Exercise
Would you repeat exactly the part of the listing below that runs from the line containing "Cuillère à coquille" down to the line containing "Green Alexandrine Parrot Branch — Stockfoto", inclusive, and nothing else?

Data shown
------------------------------------------------------------
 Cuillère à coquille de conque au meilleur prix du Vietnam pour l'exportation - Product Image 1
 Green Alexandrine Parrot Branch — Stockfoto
------------------------------------------------------------
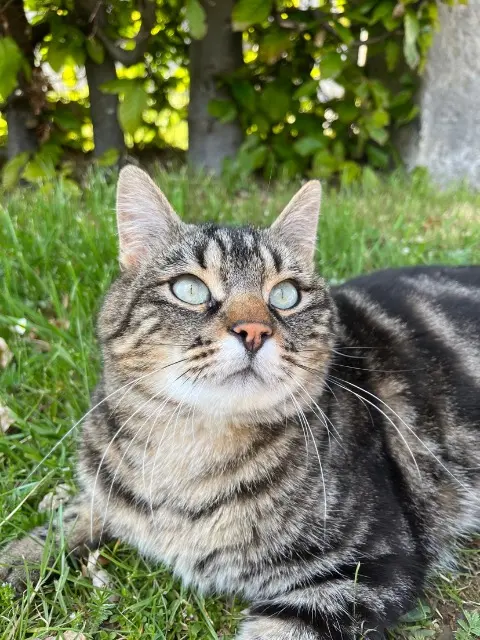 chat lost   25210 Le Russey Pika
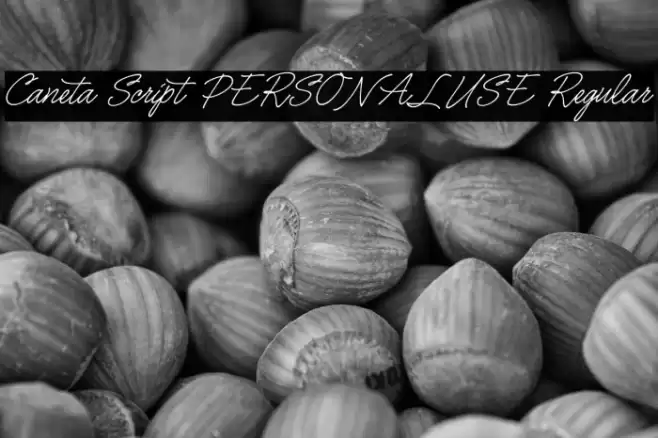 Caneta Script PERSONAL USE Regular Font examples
------------------------------------------------------------
Result
 Cuillère à coquille de conque au meilleur prix du Vietnam pour l'exportation - Product Image 1
 Green Alexandrine Parrot Branch — Stockfoto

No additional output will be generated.